Reflection in a Dead Diamond
There are some jobs from which you can never gracefully retire, never fully escape, the past a place which continues to haunt, memories refracted in the present, John Diman a long-term resident of a prestigious hotel on the Côte d’Azur, spending his days on the beach, the water reflecting the blue of the sky, appreciating the fizz of his beer on his tongue and the foam of the surf on the skin of the woman he watches, the waves crashing in a pattern which is always the same yet fragments endlessly.
The sun shattered to a thousand stolen diamonds, that was another time, another place, but when the woman in the room next to his is found dead his mind makes the connection to the mysterious Serpentik, the case he was never able to close, a masked assassin with killer nails and boots to die for who he came close to many times but who always evaded him; is John D to be pulled back into the game for a final assignment?
Written and directed by The Strange Colour of Your Body‘s Tears’ Hélène Cattet and Bruno Forzani, glittering facets of the Reflection in a Dead Diamond (Reflet dans un diamant mort) fall like drops of blood in their stylish action Eurothriller mystery which is both homage to and pastiche of the sixties spy-fi genre, starring The Heroin Busters’ Fabio Testi as the elder version John D and Yannick Renier as the agent in his prime.

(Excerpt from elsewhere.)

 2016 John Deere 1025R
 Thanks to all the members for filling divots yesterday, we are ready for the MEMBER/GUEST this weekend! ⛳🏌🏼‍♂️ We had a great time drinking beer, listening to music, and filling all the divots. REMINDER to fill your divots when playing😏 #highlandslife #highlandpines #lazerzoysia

Misleading memories of triumphs and failures which have left hidden traumas, John D had failed to protect oil magnate Markus Strand (Koen De Bouw) and years later still retains the briefcase of gadgets, the world he left one of laser-rings which can see through the backs of playing cards and walls and sports cars fitted with machine guns, but how much is truth and how much his own desire to recreate a past which may never have been real?
With layers of art, artifice and illusion in both the film and the character of John D and his nemesis, the deadly leather-clad Serpentik wearing masks behind her masks and he himself replaced by a younger version in the same way as James Bond is reinvented for new audiences, there are aspects of Danger Diabolik, Modesty Blaise, Diva and even Psycho in the costumes, locations and details, and throughout images and events echo.
The film reinventing itself as does John D, casually reversing his jacket to conceal the blood of the man he has just murdered, each narrative jump illuminates a new facet, mesmerising but also misleading, Reflection in a Dead Diamond repeating compositions and ideas while altering the context and participants, the blue skies and the blue waves persisting but the sands shifting as uncertainly and randomly as the languages, a chaotic cocktail of madness.